Заниматься с таким учеником было интересно. Дима все схватывал на лету. Они ездили вместе на этюды. На Мстинском Мосту нашли место, откуда открывался раздольный вид на широкую, полноводную Мсту, на поросшие лесом берега, на песчаные плесы и разбросанные вдоль реки деревни… Место это Дима выбрал для своего первого самостоятельного пейзажа. Потом Володя приезжал сюда уже один, осенью, когда на скошенных лугах зеленела отава, а по берегам заревом полыхали березы и осины. Ради этой милой сердцу художника пестроты, ради перепадов цвета от бледно-зеленого до ржаво-золотого и багрово-красного, ради льдистых оттенков воды он тащился в такую даль из Мошенского, стыл на ветру, прятался от дождя под ветхой крышей пустого остожья. Но даже там, в этом случайном укрывище, обмотавшись под курткой ошметками подопревшего прошлогоднего сена, он продолжал набрасывать контуры будущей картины, не уставая наблюдать, как затягивает небо огромная иссиня-черная туча, ударившая вдруг шрапнелью вспенившего реку града. Все это он запомнил и уже потом, отогреваясь у разведенного на обочине дороги костра, в ожидании машины, которая должна была захватить его на обратном пути, на всякий случай делал беглые наброски в блокноте, представляя, как передаст когда-нибудь на холсте ту тревожную пустоту угасающего вечера, который вот-вот сомкнет над головой вязкую мглу подступающей осенней ночи.

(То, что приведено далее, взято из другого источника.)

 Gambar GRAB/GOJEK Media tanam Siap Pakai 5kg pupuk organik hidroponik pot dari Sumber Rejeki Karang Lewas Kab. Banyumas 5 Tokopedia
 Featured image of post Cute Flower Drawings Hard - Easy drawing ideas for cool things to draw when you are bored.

В детстве его поразил паровоз, увиденный в Боровичах на железнодорожном вокзале. Огромный, огнедышащий, изрыгающий дым и пар, он с тяжелым чугунным грохотом приближался к платформе, таща за собой пассажирские вагоны. Было в нем что-то необыкновенное, живое, точно не машинисты в промасленных спецовках управляли им, подкидывая в топку угольку, а он сам двигался, повинуясь исключительно собственному желанию и разумению. Держась за теплую материну руку, он неотрывно смотрел на паровоз, тяжело и шумно вздыхающий с дороги, и пытался понять, как устроен он, чтобы потом нарисовать во всем его могучем великолепии: в переплетении трубок, клапанов, задвижек, заглушек, рычагов, названия и назначения которых он тогда не знал. А дома, закончив рисунок и придирчиво оглядев его со всех сторон, Володя испытал незнакомую прежде радость творчества: паровоз вышел точь-в-точь как настоящий.Не тогда ли зародилась в детской бесхитростной душе его та всепоглощающая страсть к рисованию, которая и теперь, в пятьдесят с хвостиком, не дает ему покоя, занимая все его время и все его мысли?

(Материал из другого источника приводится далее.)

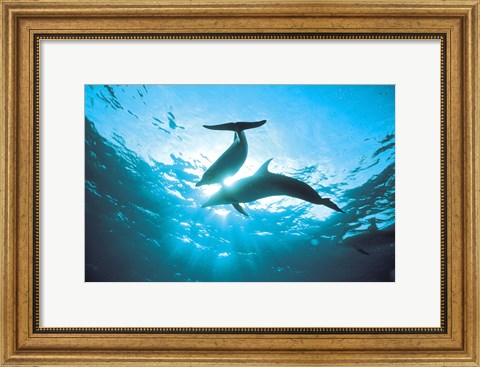 Framed Upward view of two silhouetted dolphins on surface of sea Print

Времени ему всегда не хватает и, собираясь на работу, он кладет в портфель, кроме свертка с едой, краски и кисти, и если на ретрансляторе, где он дежурит, все ладится, и картинка на телеэкранах не двоится и не дрожит, а звук четкий и явственный, он достает из подсобки неоконченные пейзажи, прилаживает поудобнее и начинает над ними колдовать, мазок за мазком, меняя освещенность и колорит. То ему кажется, что картины перегружены синим, и от этого Сороть в летний полдень дышит холодом, то бьется он над облаками, стремясь передать ощущение живого и вольного их полета, то находит, что листва не передает порывов ветра…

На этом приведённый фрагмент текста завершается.